Microsoft is killing their web browser, Edge. Well sorta. Microsoft is changing their current web browser, Edge, to the same open-source engine as Chrome.
Why should you care about this latest news? Because it will now give website visitors a more consistent experience across multiple devices. The new Edge browser will be safer, faster, and more stable than previous versions of Edge or Internet Explorer.
Microsoft has always been known for not supporting open-source projects and relying on their closed platforms. Microsoft’s new CEO, Satya Nadella, is making some major changes at Microsoft and supporting more cloud technologies and open-source development.
A Brief History of Microsoft Browsers
What’s the difference between Internet Explorer and Edge? Internet Explorer is Microsoft’s legacy browser and is still being supported (security updates only) on Windows 7 & 8. Microsoft Edge was released with Windows 10 and is their current default browser.

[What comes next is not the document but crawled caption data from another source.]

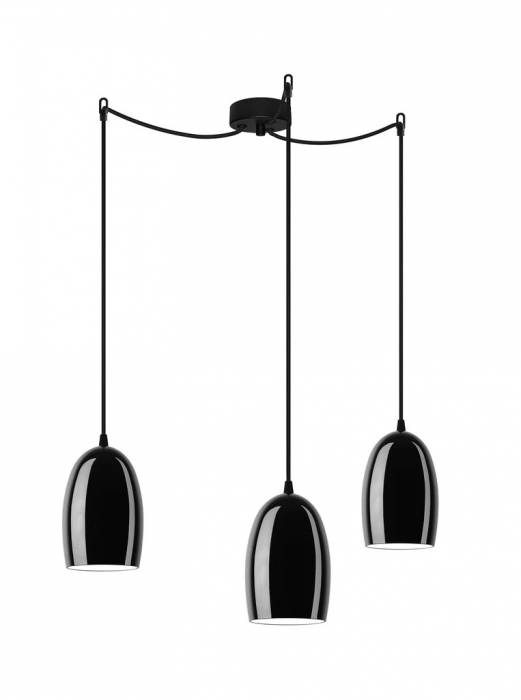 Lampadario UME 3/S - Black Glossy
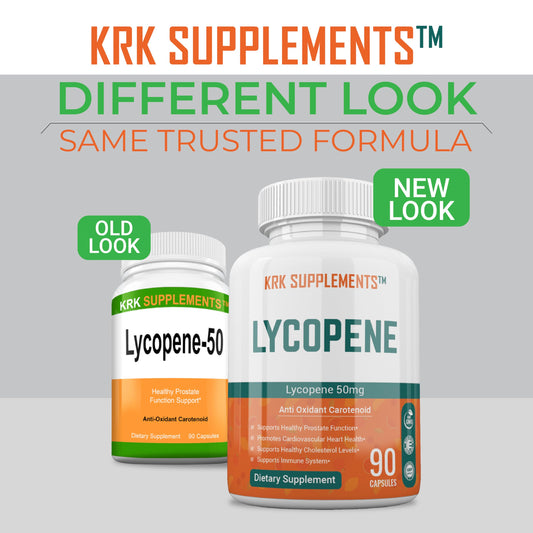 KRK Supplements Lycopene 50mg two-bottle bundle packaging for convenient daily use.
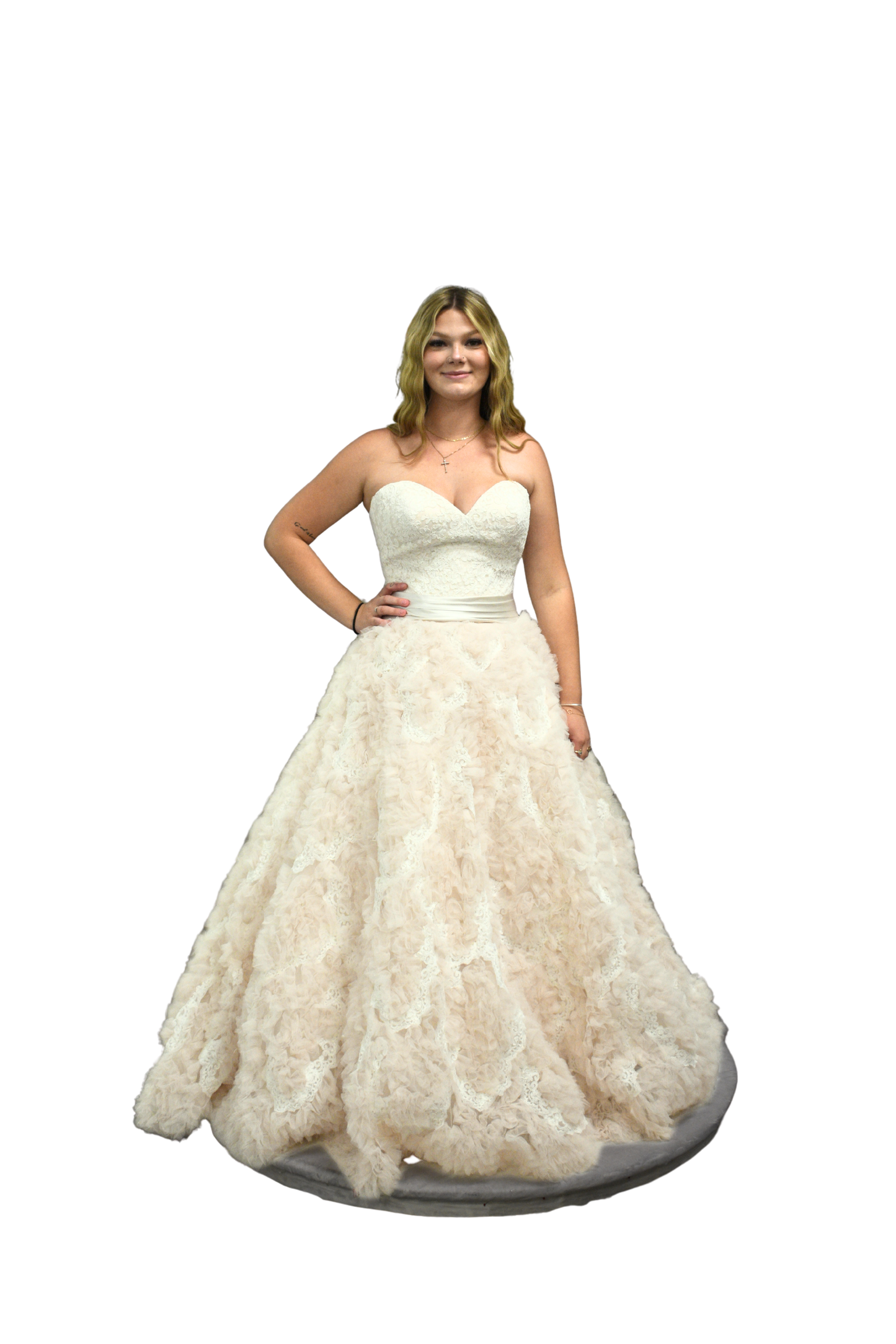 Blush Strapless Ball Gown with Textured Rosette Skirt & Satin Waistband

Before Edge, Microsoft’s browser was called Internet Explorer. If you are not aware, Internet Explorer was a web developers biggest nightmare! With every new version of IE, a developer would run into another slew of problems getting websites to render correctly. It often meant hours of debugging and adding special code “hacks” to get things to render correctly.
Currently, IE 11 is only being supported with security updates. January 9th, 2018 was the end of mainstream support for IE11. This means the browser no longer receives new features and design changes. Basically this means IE11 is officially dead! Finally!
You can still find IE11 on Windows 10. This was done to help support legacy applications or websites.
With Windows 10 came Edge. Microsoft built Edge from the ground up and while it was a vast improvement over IE, it still had its flaws. It didn’t require as much “code hacking” as Internet Explorer for web developers, but there would still be issues or bugs that developers had to deal with.
When it was first released, it lacked major features like print and extensions. Eventually, it grew into a decent web browser using their own proprietary EdgeHTML browser engine, but it still lacked a lot of the features and speed of Firefox or Chrome.
The Future of Microsoft Browsers
We aren’t exactly sure when Edge will be officially dead, but the move to Chromium in our opinions is a good one. The move to more open source projects is a big shift in the company culture at Microsoft. It seems clear that they have been the rise and success of many open source projects over the years and are looking to join the community.
What this Mean For Your Online Business
As online business owners, we want our customers to have a positive experience when they visit our websites. Microsoft’s move to open-source means that there will be more consistency on the internet, so web pages will render the same no matter what browser your visitors are using. This helps eliminate frustrations and will make for happier customers!
We have been big fans of open-source projects (WordPress & Linux) for many years and have always seen the value in a community working together to make something better. Microsoft’s shift to open-source means that they are willing to join and contribute to these projects. We expect that a few years from now, Microsoft will have a lot more innovative and exciting projects.
We were excited to hear this news about the Edge browser and look forward to seeing what happens. We think their decision to move to open-source will provide a better experience for everyone overall.